In einer extrem patriarchalischen Gesellschaft wie dem 3. Reich herrschte ein
regelrechter Mutterkult. Das erinnert mich daran, dass im griechischen Mythos
die Erynnien, die Rachegöttinnen in Eumeniden, die Wohlgesonnen umbenannt
wurden. Kein Wunder, da in der Tradition der meistgelesenen pädagogischen
Bücher des Orthopäden Schreber Ende des 19. Jahrhunderts mit dem Motto "der
Wille des Kindes ist um jeden Preis zu brechen!" der Wille und Trotz des
Kindes gebrochen wurde, also eine furchtbare Kindheit. Das war und ist, da es
noch andauert, ein traumatisches Erlebnis. Diese Erziehung wurde von den
patriarchalisch glaubenden Müttern und den Vätern vermittelt, die im
Hintergrund völlig verwirrt waren und nach einer dringenden Leitlinie suchten.
Bei und herrscht auf der unteren Ebene in der Latenz auch ein Matriarchat.
Dafür spricht der Mutterkult der Nazis und die Umbenennung der Erynnien in
Eumeniden, aber auch das Krankheitsgeschehen. Das Patriarchat ist sozusagen
die Abwehr des Mütterlichen, solange damit negative Erfahrungen gemacht
wurden, und das hat die Kultur verinnerlicht. Auch bei uns, besonders um das
Mittelmeer herum, ist latent die wichtigste Beziehung die zur Mutter.
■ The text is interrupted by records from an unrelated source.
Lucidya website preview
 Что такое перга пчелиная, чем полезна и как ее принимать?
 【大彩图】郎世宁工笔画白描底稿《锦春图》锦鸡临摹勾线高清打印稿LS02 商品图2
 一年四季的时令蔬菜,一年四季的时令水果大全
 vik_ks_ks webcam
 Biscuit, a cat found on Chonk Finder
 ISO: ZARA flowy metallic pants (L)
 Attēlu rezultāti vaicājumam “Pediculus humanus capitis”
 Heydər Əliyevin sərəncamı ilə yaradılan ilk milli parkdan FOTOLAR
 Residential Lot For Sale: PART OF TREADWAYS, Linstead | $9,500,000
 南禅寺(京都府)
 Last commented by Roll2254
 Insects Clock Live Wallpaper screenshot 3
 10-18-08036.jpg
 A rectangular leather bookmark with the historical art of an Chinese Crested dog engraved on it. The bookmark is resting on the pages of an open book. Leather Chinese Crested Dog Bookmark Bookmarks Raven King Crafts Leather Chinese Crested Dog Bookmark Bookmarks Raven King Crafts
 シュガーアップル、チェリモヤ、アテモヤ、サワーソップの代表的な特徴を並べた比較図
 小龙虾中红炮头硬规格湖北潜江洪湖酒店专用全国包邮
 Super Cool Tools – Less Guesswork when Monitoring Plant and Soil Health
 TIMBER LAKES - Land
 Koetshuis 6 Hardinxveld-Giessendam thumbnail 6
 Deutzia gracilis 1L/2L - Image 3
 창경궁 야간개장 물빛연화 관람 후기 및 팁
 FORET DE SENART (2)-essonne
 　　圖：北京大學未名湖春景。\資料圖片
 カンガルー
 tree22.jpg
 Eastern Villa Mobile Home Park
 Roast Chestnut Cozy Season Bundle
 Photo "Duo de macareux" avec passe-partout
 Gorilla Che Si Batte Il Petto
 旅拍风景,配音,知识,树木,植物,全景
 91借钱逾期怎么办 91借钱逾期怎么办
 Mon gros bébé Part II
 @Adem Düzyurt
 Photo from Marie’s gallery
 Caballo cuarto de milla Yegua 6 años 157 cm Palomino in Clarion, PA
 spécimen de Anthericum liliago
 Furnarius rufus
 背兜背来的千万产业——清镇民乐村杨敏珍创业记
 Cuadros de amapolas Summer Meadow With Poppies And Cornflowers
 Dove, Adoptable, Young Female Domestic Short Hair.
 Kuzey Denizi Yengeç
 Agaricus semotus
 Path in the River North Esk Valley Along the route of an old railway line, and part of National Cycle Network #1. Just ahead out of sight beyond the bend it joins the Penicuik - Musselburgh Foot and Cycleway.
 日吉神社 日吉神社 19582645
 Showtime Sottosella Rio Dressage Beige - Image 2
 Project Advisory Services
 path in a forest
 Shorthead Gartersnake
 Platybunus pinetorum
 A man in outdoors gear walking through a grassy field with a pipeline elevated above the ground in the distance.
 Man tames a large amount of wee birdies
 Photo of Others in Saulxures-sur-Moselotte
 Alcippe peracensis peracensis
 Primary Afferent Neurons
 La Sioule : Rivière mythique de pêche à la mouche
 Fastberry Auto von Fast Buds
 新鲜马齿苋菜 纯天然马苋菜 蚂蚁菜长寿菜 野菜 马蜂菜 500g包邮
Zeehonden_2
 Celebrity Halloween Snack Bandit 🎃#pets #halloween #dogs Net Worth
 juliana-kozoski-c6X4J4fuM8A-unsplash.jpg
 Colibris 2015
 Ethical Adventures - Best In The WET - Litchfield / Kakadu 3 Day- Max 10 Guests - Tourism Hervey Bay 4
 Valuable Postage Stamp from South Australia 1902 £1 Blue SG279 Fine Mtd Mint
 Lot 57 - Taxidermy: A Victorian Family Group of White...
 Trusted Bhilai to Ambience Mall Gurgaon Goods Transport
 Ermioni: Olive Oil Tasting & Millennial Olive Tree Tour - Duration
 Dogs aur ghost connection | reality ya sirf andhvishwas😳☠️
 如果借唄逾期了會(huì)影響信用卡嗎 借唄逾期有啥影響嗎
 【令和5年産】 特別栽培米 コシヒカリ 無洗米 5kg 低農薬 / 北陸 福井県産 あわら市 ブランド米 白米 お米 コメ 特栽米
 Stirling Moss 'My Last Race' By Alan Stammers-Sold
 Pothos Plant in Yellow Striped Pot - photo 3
In der Flüchtlingskrise hoffe ich, dass Frau Merkel besonnen und standhaft
bleibt, daß sie sich nicht von den weit verbreiteten Ängsten anstecken lässt
und eine Willkommenskultur, getragen von vielen aufgeschlossenen und
mütterlichen Menschen, aufrecht erhält. Eine nach patriarchalischen Prinzipien
sich nach oben boxende Frau, die anderseits nach außen so mütterlich wirkt,
zeigt ihre mütterliche, aufnehmende Seite.